Alas, this tale does not end with the terrible revelations of what went on in that room. The poor discoverers of the Mandieux secret quickly left that gruesome charnal pit and the house to get back to the street and inform the frightened constabulary of the demonic happenings within. But no man there had the courage to re-enter all that night. Hours later, when the noise from the crowd outside had died down somewhat, the frightened people heard the gasping moans of the ghosts of the dead emanating from inside that accursed house. Everyone heard them, and none could deny the sound of the unnatural wailing, the pleas for help, the muffled cries. And because of the ghosts, no one would enter until the voices all faded away, and ceased four days later, on the Lord’s day, when a merciful God brought silence back to that unholy place.
After much investigation, the constables determined that the victims of the Mandieux family were primarily orphans or people otherwise without family who arrived on the ships from France.

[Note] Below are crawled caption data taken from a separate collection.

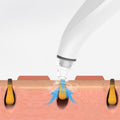 The Clarity Pore Tool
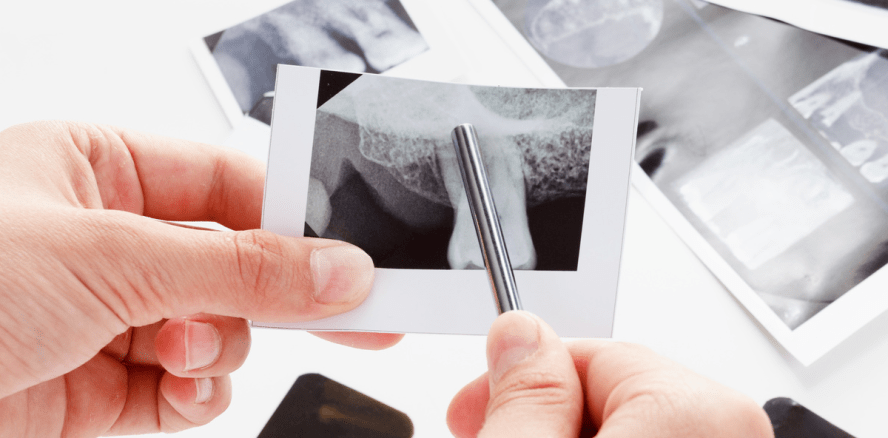 Knochenverlust bei Parodontitis: Kleines Protein mit großer Wirkung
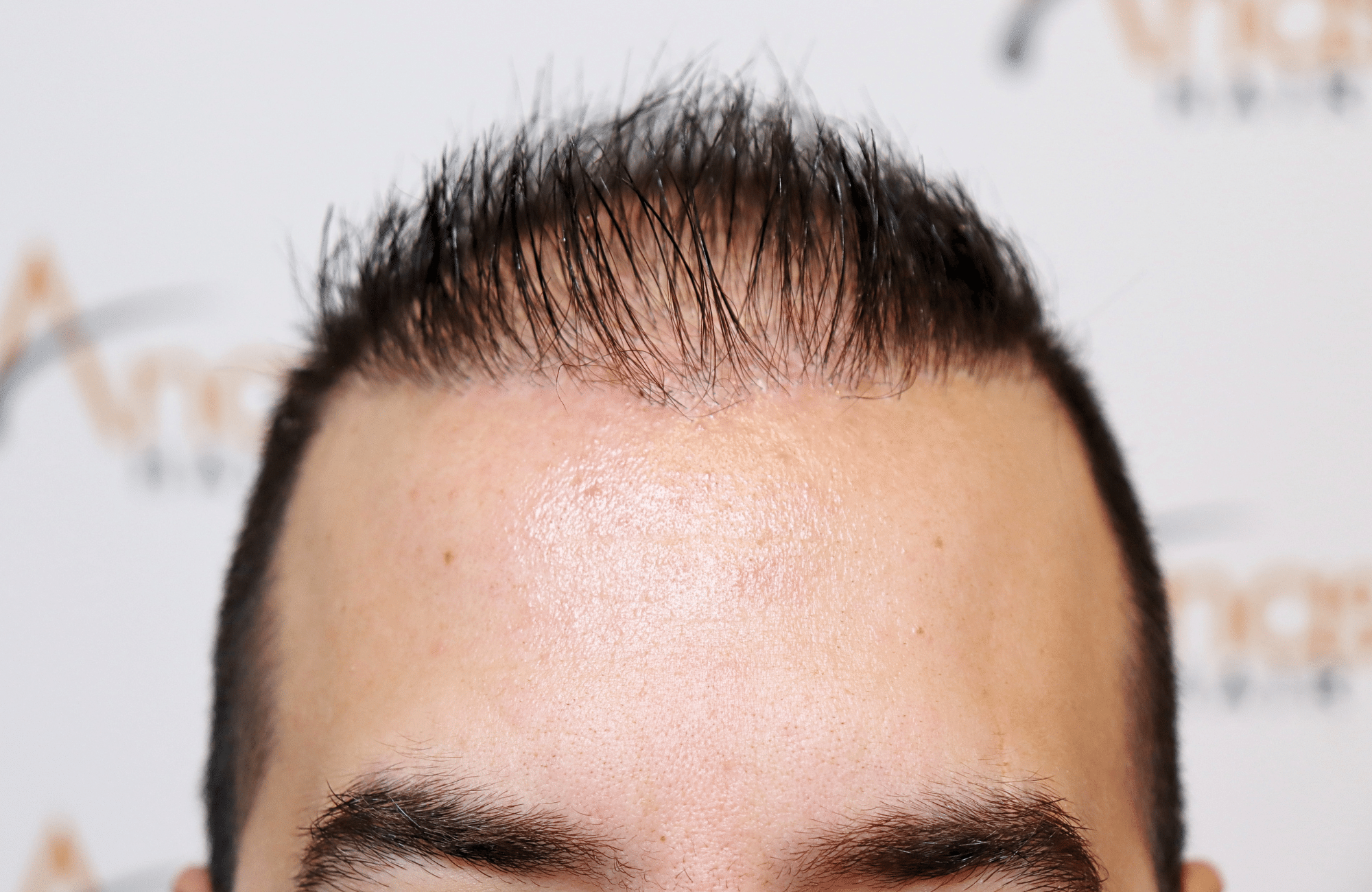 hai transplant result 2400 fus thick diffuse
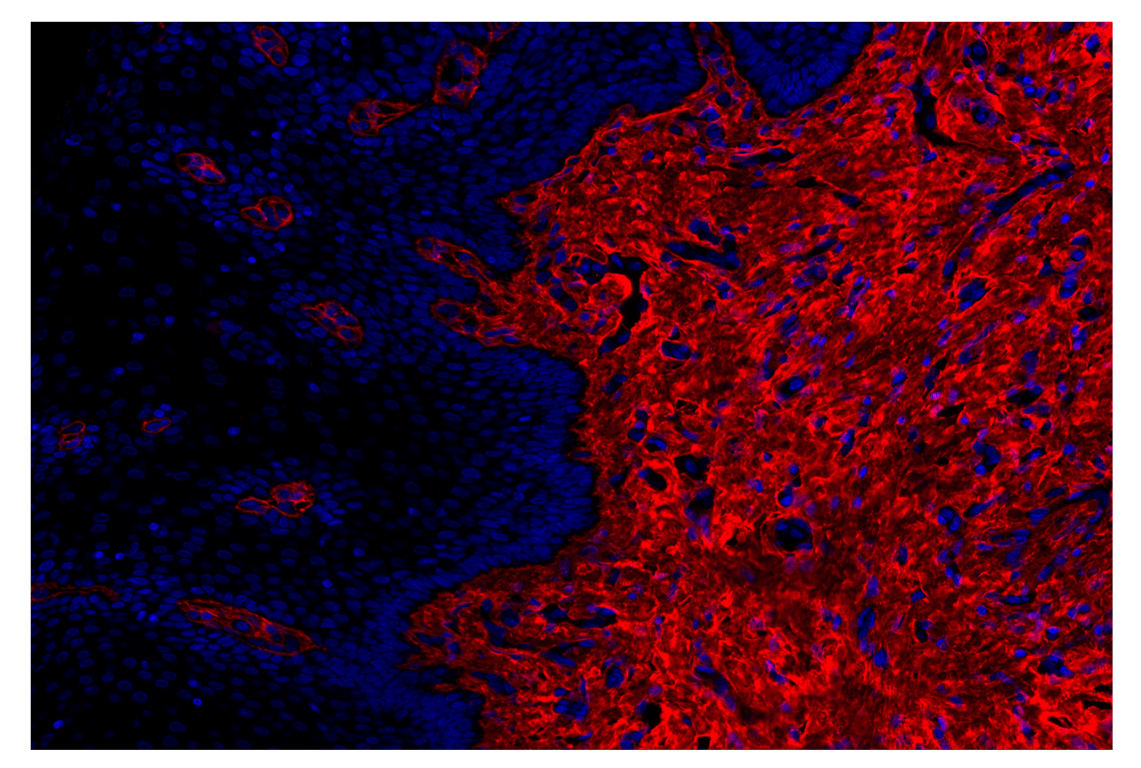 Immunohistochemistry Image 2: COL1A1 (E8F4L) Rabbit Monoclonal Antibody (Alexa Fluor<sup>®</sup> 555 Conjugate)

The Doctor would meet them down at the wharves and invite them to his home with promises of food, lodging, and work as it became available. Although they were never heard from again, their social status was such that no one ever raised any inquiry.
Several weeks later, investigators in Florida contacted New Orleans with news that a carriage owned by the Mandieux family had been discovered there, and that two family servants had been found murdered and locked inside. This puzzled inspectors in New Orleans, because the wealthy Mandieux family employed many servants, none of whom (other than Anika and the cook) had been located after that dreadful night.
The Mandieux house was condemned by the state, as there was no private citizen who could assert proper title to it (nor anyone who would think of doing such a thing), and as the city was unable to sell it, they eventually decided upon a plan to turn it into a hotel, as few guests from out of town would know it’s awful history. Reluctantly, crews of workers entered the house to refurbish it and make it fit for its new function. During the course of this work, one of the workers discovered a hidden trap door in the floor. On further inspection, he was horrified to find a large number of human corpses in the crawlspace beneath. It seems that, as they prepared to depart, the Doctor and his wife had executed one final crime. In order to keep their flight a secret, they had shut up all of their servants but two within the crawlspace and then abandoned them to their fate. It had taken four days for the last of them to give up the ghost - before the last one stopped crying desperately for someone to release them from that house!